Provided records.
--- START ---

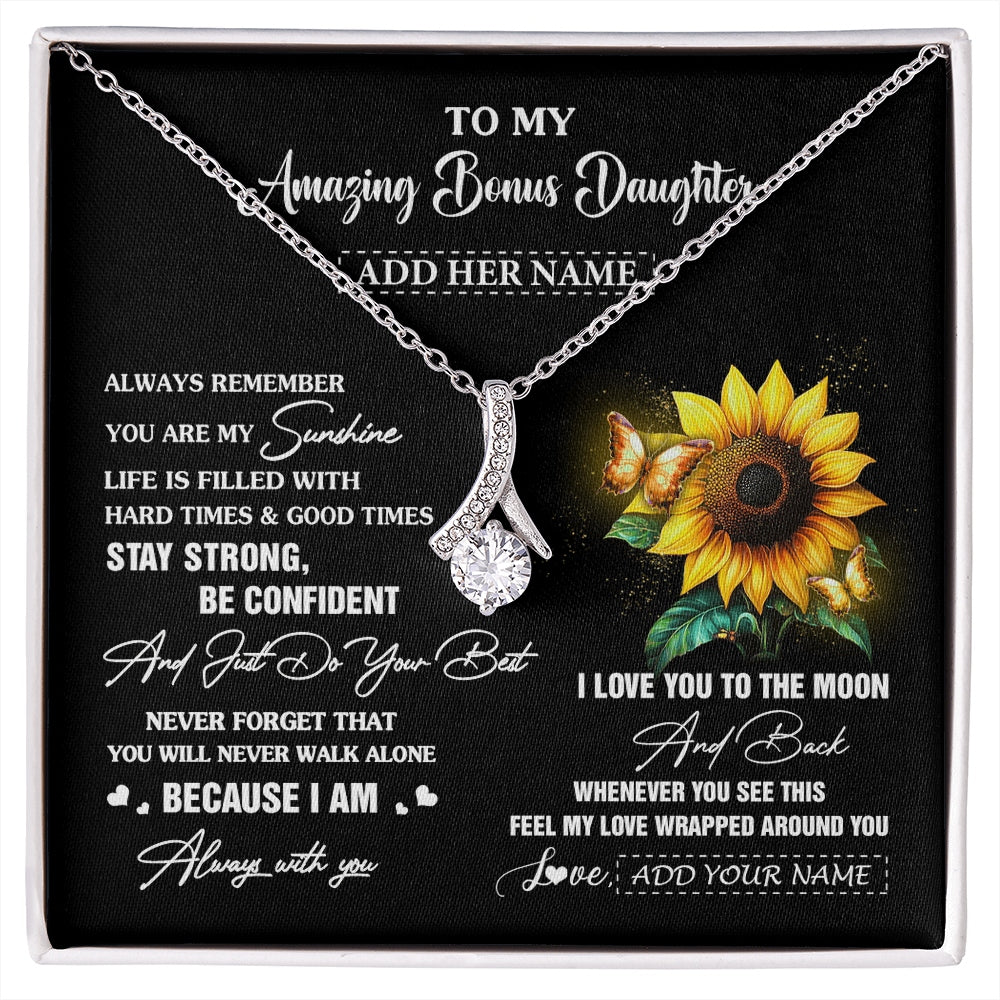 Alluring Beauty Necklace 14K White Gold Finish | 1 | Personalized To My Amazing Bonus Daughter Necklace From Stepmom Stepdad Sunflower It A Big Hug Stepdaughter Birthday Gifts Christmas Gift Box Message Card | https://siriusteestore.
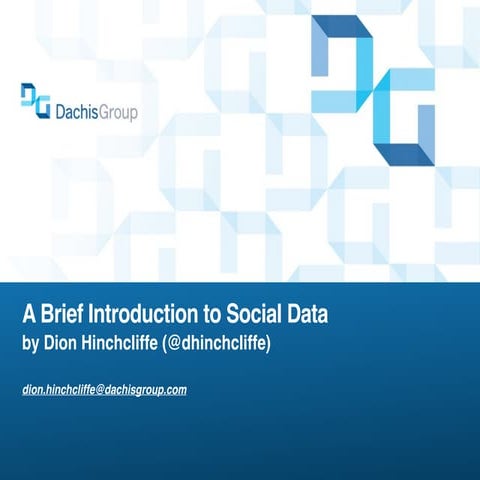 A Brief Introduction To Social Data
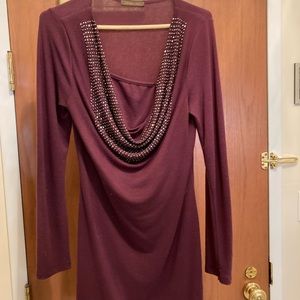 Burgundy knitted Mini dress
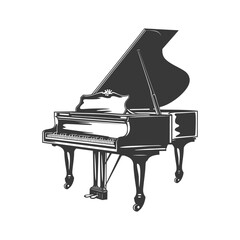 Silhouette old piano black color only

--- END ---
--- START ---

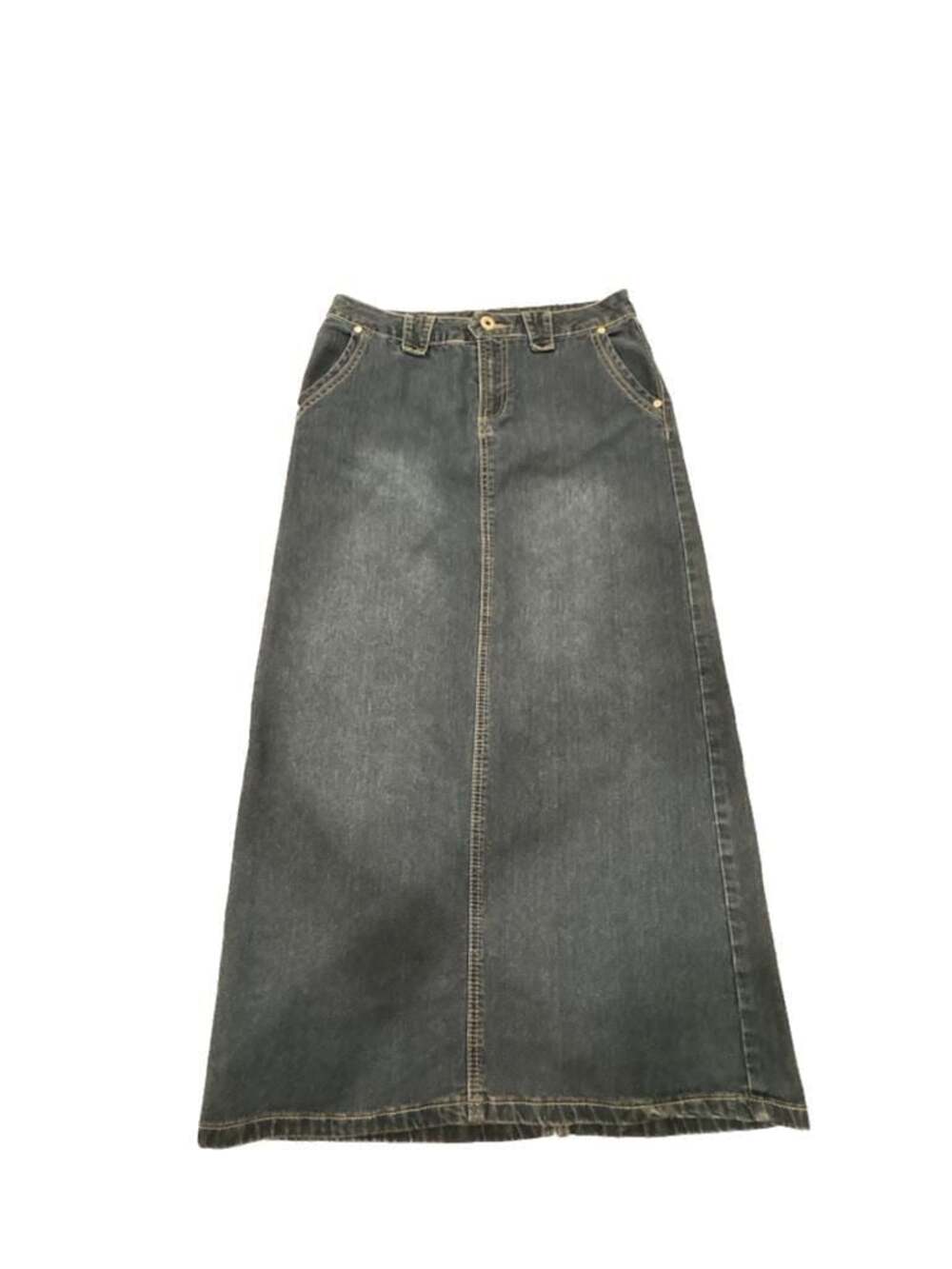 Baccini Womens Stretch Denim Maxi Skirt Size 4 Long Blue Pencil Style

--- END ---
--- START ---

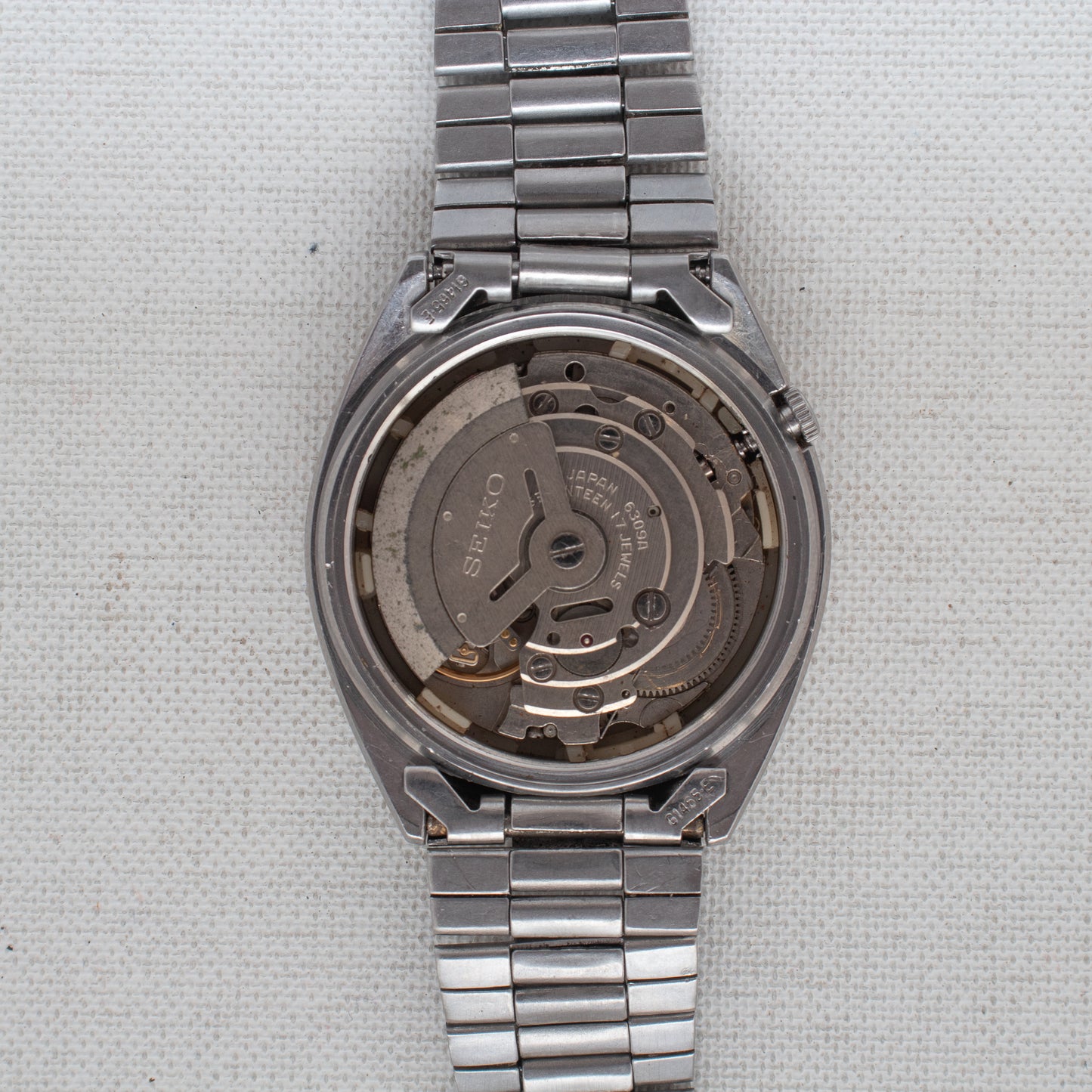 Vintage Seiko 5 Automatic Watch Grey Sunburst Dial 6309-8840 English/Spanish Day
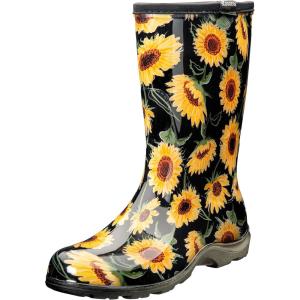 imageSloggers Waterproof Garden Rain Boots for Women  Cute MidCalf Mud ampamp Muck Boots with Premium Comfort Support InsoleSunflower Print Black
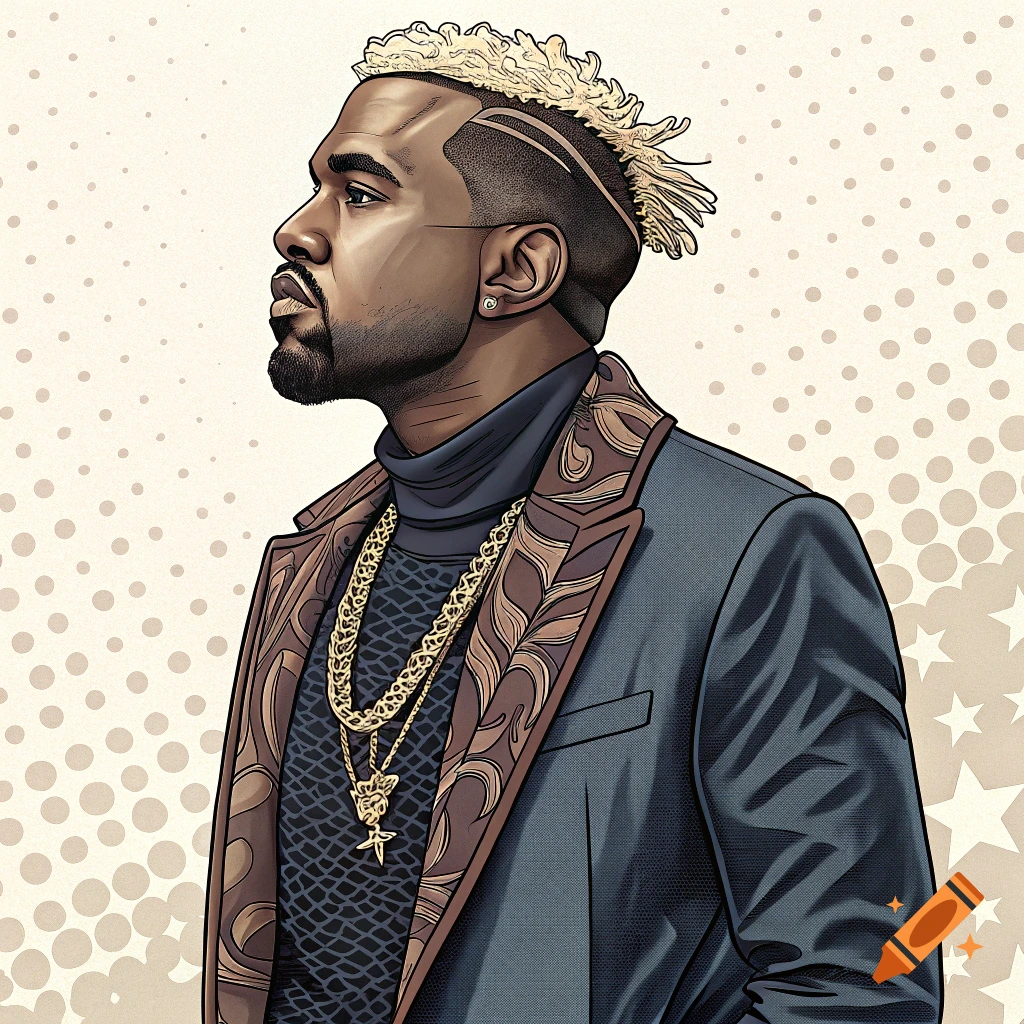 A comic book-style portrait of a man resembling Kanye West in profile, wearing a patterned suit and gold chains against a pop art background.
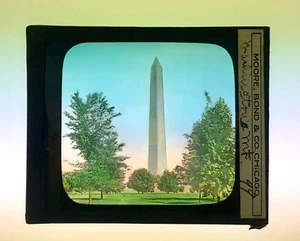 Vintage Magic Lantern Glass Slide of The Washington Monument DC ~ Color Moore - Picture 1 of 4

--- END ---

The lines to reproduce run from the one above containing "Alluring Beauty Necklace" through the one containing "Silhouette old piano black color only". Copy them exactly and leave out all pictures.

Exercise response.
 Alluring Beauty Necklace 14K White Gold Finish | 1 | Personalized To My Amazing Bonus Daughter Necklace From Stepmom Stepdad Sunflower It A Big Hug Stepdaughter Birthday Gifts Christmas Gift Box Message Card | https://siriusteestore.
 A Brief Introduction To Social Data
 Burgundy knitted Mini dress
 Silhouette old piano black color only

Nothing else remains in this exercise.